:: Requirement ::
Out of the records below, copy all lines in which the word "finish" occurs.

===== Supplied records =====

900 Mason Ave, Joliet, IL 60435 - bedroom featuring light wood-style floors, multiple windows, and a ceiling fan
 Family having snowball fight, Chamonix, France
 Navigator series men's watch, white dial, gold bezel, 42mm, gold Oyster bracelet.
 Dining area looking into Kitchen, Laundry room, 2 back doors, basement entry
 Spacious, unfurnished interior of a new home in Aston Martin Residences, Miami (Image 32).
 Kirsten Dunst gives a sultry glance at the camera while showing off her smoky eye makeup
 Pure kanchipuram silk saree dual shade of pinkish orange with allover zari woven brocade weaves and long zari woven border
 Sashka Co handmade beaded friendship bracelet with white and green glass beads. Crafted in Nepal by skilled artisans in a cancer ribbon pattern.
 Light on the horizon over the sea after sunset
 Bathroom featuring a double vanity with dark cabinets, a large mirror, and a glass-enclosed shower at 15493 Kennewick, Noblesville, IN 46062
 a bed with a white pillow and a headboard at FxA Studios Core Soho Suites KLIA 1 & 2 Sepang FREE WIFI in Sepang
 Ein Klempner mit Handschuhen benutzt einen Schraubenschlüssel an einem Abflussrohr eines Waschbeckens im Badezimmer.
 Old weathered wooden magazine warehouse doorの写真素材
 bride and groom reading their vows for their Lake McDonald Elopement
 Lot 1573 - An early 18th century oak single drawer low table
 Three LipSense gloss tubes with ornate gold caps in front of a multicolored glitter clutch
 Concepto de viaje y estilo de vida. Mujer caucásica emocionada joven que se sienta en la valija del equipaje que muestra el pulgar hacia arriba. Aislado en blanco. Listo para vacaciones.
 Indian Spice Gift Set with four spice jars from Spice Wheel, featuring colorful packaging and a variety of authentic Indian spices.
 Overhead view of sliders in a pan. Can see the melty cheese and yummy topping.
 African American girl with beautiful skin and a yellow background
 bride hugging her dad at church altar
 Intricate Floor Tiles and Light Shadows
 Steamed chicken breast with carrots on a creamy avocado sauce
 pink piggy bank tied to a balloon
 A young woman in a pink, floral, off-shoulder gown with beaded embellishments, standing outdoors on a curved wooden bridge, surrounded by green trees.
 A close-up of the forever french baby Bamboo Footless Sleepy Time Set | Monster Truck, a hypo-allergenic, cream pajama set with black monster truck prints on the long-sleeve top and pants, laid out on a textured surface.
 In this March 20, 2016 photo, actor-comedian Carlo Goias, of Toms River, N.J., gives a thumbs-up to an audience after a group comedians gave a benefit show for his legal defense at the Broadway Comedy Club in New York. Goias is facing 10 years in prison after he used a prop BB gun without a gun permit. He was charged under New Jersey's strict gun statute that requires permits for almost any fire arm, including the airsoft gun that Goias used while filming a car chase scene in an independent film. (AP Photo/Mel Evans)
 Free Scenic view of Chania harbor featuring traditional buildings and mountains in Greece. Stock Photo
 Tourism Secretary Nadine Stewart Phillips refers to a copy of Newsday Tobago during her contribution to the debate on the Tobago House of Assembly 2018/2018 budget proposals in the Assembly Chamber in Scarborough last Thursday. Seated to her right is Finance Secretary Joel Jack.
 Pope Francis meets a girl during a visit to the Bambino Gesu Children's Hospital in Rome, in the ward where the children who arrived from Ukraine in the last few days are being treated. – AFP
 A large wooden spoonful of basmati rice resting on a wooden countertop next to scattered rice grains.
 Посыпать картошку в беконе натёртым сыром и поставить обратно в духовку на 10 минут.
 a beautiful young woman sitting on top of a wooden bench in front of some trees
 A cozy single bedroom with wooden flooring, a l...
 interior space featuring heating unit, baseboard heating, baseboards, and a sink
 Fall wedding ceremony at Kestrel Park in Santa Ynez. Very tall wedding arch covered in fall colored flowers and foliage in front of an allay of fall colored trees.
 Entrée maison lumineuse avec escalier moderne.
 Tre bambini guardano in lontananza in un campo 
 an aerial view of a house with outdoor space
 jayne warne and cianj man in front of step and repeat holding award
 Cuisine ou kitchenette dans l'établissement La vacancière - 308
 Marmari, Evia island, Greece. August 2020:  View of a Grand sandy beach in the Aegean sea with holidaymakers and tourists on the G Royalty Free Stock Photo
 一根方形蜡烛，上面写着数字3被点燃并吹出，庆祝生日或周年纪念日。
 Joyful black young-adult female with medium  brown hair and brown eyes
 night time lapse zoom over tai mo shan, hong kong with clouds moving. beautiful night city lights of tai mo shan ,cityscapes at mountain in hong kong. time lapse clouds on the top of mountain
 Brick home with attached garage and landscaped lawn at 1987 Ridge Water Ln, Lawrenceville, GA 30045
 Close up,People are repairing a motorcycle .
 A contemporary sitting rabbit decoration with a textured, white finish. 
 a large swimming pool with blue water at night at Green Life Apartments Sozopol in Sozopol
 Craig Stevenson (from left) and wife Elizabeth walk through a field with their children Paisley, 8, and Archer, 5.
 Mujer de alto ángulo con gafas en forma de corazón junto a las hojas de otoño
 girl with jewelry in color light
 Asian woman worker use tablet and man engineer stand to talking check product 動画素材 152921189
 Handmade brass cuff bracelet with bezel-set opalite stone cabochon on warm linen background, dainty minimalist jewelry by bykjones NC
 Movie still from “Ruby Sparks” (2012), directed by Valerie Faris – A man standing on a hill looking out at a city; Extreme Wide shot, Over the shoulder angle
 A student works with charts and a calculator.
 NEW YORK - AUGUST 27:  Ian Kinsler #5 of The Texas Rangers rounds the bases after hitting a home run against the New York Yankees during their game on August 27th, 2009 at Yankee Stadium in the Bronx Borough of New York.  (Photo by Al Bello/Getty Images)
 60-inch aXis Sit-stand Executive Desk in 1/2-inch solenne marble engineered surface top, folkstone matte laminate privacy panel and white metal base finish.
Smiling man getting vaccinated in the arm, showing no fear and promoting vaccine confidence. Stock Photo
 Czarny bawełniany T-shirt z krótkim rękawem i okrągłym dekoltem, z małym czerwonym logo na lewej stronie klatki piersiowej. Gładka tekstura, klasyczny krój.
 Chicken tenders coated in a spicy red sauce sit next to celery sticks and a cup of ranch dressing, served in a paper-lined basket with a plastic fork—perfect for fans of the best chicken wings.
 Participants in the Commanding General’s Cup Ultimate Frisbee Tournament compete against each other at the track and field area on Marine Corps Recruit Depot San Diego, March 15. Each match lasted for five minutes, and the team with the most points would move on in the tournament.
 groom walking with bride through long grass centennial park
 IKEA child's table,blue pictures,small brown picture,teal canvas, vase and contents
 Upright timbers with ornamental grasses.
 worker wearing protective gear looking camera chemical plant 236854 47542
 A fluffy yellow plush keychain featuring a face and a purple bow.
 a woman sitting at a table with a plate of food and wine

=====

:: Result of the exercise ::
 A contemporary sitting rabbit decoration with a textured, white finish. 
 60-inch aXis Sit-stand Executive Desk in 1/2-inch solenne marble engineered surface top, folkstone matte laminate privacy panel and white metal base finish.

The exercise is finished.